Records from a data collection
═══

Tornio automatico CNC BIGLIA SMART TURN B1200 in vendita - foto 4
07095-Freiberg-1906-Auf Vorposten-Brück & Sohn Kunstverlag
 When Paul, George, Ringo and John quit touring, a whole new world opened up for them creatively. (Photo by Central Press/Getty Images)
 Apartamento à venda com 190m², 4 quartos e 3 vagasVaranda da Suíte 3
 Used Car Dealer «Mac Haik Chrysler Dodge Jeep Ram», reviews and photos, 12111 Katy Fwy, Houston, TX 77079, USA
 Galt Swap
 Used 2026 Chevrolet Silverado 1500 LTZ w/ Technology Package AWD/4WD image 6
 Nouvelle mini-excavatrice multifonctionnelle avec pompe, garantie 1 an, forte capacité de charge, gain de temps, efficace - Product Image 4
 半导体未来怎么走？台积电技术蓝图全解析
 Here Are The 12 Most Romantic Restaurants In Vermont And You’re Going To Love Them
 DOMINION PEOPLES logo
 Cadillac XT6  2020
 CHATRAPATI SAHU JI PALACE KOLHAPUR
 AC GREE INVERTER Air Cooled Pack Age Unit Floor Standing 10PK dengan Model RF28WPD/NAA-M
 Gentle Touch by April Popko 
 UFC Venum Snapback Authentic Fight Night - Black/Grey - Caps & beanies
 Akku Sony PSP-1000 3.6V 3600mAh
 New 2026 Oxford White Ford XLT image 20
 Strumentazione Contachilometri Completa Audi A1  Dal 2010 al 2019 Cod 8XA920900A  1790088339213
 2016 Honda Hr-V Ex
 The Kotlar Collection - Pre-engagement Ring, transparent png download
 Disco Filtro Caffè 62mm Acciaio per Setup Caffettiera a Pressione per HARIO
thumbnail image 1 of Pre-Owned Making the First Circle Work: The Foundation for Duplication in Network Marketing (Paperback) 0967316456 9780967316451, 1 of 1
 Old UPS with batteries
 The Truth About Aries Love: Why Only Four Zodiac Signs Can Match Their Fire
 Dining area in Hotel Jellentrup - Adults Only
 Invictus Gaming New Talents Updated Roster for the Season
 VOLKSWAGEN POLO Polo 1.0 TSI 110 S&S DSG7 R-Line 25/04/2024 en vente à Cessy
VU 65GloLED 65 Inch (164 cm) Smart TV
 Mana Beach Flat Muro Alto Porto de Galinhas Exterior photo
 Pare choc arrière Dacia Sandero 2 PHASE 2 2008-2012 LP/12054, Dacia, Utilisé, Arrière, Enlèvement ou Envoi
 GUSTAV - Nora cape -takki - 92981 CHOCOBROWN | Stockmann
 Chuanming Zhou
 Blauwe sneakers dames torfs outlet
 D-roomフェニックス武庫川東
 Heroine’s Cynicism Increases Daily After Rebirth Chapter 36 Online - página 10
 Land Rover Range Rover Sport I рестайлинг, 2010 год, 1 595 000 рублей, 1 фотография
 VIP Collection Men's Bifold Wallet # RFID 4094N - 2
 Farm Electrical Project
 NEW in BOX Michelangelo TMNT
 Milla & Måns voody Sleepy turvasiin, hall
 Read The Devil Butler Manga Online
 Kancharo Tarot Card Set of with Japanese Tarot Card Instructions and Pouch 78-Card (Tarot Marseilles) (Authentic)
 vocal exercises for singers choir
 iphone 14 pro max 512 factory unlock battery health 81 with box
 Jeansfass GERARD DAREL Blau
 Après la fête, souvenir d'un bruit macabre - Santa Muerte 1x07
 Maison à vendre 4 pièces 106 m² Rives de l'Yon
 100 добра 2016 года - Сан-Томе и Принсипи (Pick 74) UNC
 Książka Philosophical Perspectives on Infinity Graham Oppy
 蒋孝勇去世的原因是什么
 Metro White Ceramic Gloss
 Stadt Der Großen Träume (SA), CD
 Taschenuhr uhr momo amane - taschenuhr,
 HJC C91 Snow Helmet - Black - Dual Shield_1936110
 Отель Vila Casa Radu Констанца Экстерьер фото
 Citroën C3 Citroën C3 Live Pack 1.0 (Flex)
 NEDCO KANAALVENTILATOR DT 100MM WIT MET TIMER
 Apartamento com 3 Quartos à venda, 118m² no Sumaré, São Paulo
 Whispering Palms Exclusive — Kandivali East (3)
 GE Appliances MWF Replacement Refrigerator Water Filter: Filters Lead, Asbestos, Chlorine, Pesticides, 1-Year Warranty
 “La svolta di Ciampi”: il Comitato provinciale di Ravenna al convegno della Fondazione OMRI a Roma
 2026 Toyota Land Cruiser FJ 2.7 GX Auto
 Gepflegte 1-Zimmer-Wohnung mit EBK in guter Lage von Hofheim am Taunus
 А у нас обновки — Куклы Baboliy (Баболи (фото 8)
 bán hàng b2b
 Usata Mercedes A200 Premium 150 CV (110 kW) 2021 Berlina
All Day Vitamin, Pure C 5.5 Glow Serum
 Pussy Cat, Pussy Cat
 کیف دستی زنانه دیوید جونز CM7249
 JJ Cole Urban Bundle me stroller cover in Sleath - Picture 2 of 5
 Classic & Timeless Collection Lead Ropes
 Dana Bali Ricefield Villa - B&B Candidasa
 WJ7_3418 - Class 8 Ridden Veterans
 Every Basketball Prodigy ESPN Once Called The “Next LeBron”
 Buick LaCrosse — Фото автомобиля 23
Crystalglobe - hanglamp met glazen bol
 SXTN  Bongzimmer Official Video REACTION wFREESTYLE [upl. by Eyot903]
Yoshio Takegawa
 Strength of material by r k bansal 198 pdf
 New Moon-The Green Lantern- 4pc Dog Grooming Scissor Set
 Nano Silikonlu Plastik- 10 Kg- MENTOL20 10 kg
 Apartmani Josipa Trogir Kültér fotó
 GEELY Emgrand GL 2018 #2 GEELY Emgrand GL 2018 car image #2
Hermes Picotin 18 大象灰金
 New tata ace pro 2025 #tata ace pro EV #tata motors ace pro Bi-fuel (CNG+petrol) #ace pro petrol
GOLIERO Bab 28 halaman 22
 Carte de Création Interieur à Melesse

═══

**What the task requires:**
Set down the preceding data verbatim. Every line belongs in the copy.

**Response to this exercise:**
Tornio automatico CNC BIGLIA SMART TURN B1200 in vendita - foto 4
07095-Freiberg-1906-Auf Vorposten-Brück & Sohn Kunstverlag
 When Paul, George, Ringo and John quit touring, a whole new world opened up for them creatively. (Photo by Central Press/Getty Images)
 Apartamento à venda com 190m², 4 quartos e 3 vagasVaranda da Suíte 3
 Used Car Dealer «Mac Haik Chrysler Dodge Jeep Ram», reviews and photos, 12111 Katy Fwy, Houston, TX 77079, USA
 Galt Swap
 Used 2026 Chevrolet Silverado 1500 LTZ w/ Technology Package AWD/4WD image 6
 Nouvelle mini-excavatrice multifonctionnelle avec pompe, garantie 1 an, forte capacité de charge, gain de temps, efficace - Product Image 4
 半导体未来怎么走？台积电技术蓝图全解析
 Here Are The 12 Most Romantic Restaurants In Vermont And You’re Going To Love Them
 DOMINION PEOPLES logo
 Cadillac XT6  2020
 CHATRAPATI SAHU JI PALACE KOLHAPUR
 AC GREE INVERTER Air Cooled Pack Age Unit Floor Standing 10PK dengan Model RF28WPD/NAA-M
 Gentle Touch by April Popko 
 UFC Venum Snapback Authentic Fight Night - Black/Grey - Caps & beanies
 Akku Sony PSP-1000 3.6V 3600mAh
 New 2026 Oxford White Ford XLT image 20
 Strumentazione Contachilometri Completa Audi A1  Dal 2010 al 2019 Cod 8XA920900A  1790088339213
 2016 Honda Hr-V Ex
 The Kotlar Collection - Pre-engagement Ring, transparent png download
 Disco Filtro Caffè 62mm Acciaio per Setup Caffettiera a Pressione per HARIO
thumbnail image 1 of Pre-Owned Making the First Circle Work: The Foundation for Duplication in Network Marketing (Paperback) 0967316456 9780967316451, 1 of 1
 Old UPS with batteries
 The Truth About Aries Love: Why Only Four Zodiac Signs Can Match Their Fire
 Dining area in Hotel Jellentrup - Adults Only
 Invictus Gaming New Talents Updated Roster for the Season
 VOLKSWAGEN POLO Polo 1.0 TSI 110 S&S DSG7 R-Line 25/04/2024 en vente à Cessy
VU 65GloLED 65 Inch (164 cm) Smart TV
 Mana Beach Flat Muro Alto Porto de Galinhas Exterior photo
 Pare choc arrière Dacia Sandero 2 PHASE 2 2008-2012 LP/12054, Dacia, Utilisé, Arrière, Enlèvement ou Envoi
 GUSTAV - Nora cape -takki - 92981 CHOCOBROWN | Stockmann
 Chuanming Zhou
 Blauwe sneakers dames torfs outlet
 D-roomフェニックス武庫川東
 Heroine’s Cynicism Increases Daily After Rebirth Chapter 36 Online - página 10
 Land Rover Range Rover Sport I рестайлинг, 2010 год, 1 595 000 рублей, 1 фотография
 VIP Collection Men's Bifold Wallet # RFID 4094N - 2
 Farm Electrical Project
 NEW in BOX Michelangelo TMNT
 Milla & Måns voody Sleepy turvasiin, hall
 Read The Devil Butler Manga Online
 Kancharo Tarot Card Set of with Japanese Tarot Card Instructions and Pouch 78-Card (Tarot Marseilles) (Authentic)
 vocal exercises for singers choir
 iphone 14 pro max 512 factory unlock battery health 81 with box
 Jeansfass GERARD DAREL Blau
 Après la fête, souvenir d'un bruit macabre - Santa Muerte 1x07
 Maison à vendre 4 pièces 106 m² Rives de l'Yon
 100 добра 2016 года - Сан-Томе и Принсипи (Pick 74) UNC
 Książka Philosophical Perspectives on Infinity Graham Oppy
 蒋孝勇去世的原因是什么
 Metro White Ceramic Gloss
 Stadt Der Großen Träume (SA), CD
 Taschenuhr uhr momo amane - taschenuhr,
 HJC C91 Snow Helmet - Black - Dual Shield_1936110
 Отель Vila Casa Radu Констанца Экстерьер фото
 Citroën C3 Citroën C3 Live Pack 1.0 (Flex)
 NEDCO KANAALVENTILATOR DT 100MM WIT MET TIMER
 Apartamento com 3 Quartos à venda, 118m² no Sumaré, São Paulo
 Whispering Palms Exclusive — Kandivali East (3)
 GE Appliances MWF Replacement Refrigerator Water Filter: Filters Lead, Asbestos, Chlorine, Pesticides, 1-Year Warranty
 “La svolta di Ciampi”: il Comitato provinciale di Ravenna al convegno della Fondazione OMRI a Roma
 2026 Toyota Land Cruiser FJ 2.7 GX Auto
 Gepflegte 1-Zimmer-Wohnung mit EBK in guter Lage von Hofheim am Taunus
 А у нас обновки — Куклы Baboliy (Баболи (фото 8)
 bán hàng b2b
 Usata Mercedes A200 Premium 150 CV (110 kW) 2021 Berlina
All Day Vitamin, Pure C 5.5 Glow Serum
 Pussy Cat, Pussy Cat
 کیف دستی زنانه دیوید جونز CM7249
 JJ Cole Urban Bundle me stroller cover in Sleath - Picture 2 of 5
 Classic & Timeless Collection Lead Ropes
 Dana Bali Ricefield Villa - B&B Candidasa
 WJ7_3418 - Class 8 Ridden Veterans
 Every Basketball Prodigy ESPN Once Called The “Next LeBron”
 Buick LaCrosse — Фото автомобиля 23
Crystalglobe - hanglamp met glazen bol
 SXTN  Bongzimmer Official Video REACTION wFREESTYLE [upl. by Eyot903]
Yoshio Takegawa
 Strength of material by r k bansal 198 pdf
 New Moon-The Green Lantern- 4pc Dog Grooming Scissor Set
 Nano Silikonlu Plastik- 10 Kg- MENTOL20 10 kg
 Apartmani Josipa Trogir Kültér fotó
 GEELY Emgrand GL 2018 #2 GEELY Emgrand GL 2018 car image #2
Hermes Picotin 18 大象灰金
 New tata ace pro 2025 #tata ace pro EV #tata motors ace pro Bi-fuel (CNG+petrol) #ace pro petrol
GOLIERO Bab 28 halaman 22
 Carte de Création Interieur à Melesse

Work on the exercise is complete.